[INPUT MATERIAL Boundary: Start]
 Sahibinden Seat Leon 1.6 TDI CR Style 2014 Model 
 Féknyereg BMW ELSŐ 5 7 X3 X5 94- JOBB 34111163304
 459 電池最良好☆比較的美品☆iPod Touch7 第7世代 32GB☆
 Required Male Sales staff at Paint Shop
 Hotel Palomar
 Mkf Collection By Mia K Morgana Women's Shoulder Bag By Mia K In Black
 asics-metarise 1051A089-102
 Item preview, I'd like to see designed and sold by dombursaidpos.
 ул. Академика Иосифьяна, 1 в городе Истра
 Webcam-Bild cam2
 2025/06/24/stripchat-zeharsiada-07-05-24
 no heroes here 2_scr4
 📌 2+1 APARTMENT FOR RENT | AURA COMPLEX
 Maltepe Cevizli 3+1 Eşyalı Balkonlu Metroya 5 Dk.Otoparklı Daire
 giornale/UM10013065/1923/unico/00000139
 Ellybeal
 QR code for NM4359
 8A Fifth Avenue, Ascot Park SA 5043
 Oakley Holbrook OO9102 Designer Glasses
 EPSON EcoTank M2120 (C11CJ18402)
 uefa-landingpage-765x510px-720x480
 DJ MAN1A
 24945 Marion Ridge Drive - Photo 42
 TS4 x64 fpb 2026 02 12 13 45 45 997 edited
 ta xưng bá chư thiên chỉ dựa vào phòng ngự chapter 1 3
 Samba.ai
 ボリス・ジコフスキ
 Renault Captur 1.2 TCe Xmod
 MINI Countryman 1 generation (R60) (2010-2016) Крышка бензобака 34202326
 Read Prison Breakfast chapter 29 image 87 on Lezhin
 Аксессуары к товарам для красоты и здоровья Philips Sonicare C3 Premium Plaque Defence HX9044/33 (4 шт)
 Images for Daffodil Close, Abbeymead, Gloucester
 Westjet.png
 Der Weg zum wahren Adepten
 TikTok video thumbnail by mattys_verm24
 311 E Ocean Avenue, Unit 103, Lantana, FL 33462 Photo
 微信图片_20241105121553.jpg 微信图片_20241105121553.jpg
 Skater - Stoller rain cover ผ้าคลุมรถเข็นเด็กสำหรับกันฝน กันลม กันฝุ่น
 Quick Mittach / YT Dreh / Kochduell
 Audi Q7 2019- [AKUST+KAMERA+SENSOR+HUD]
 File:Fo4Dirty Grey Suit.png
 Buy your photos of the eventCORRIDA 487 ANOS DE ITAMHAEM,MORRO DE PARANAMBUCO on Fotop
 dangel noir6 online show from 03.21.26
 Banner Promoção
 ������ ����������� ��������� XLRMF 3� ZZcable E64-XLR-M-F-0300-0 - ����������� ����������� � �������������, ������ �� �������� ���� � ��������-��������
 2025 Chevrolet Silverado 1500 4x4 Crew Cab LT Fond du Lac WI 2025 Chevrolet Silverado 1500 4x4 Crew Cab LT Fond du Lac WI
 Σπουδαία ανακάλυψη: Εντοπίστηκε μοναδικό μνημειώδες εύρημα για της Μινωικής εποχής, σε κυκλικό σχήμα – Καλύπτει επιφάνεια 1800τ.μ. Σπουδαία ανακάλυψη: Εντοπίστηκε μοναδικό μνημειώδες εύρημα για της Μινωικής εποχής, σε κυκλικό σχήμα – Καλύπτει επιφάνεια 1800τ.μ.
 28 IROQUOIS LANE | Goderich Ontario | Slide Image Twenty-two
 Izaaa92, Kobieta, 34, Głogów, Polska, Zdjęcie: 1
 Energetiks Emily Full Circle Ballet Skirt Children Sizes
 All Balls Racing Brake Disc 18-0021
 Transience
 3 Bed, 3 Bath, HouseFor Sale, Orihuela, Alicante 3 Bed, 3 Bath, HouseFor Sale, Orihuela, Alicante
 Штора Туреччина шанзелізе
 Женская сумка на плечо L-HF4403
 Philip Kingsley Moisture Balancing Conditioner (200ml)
[INPUT MATERIAL Boundary: End]
What lines above hold the word "chapter"? List them all.

SOLUTION.
 ta xưng bá chư thiên chỉ dựa vào phòng ngự chapter 1 3
 Read Prison Breakfast chapter 29 image 87 on Lezhin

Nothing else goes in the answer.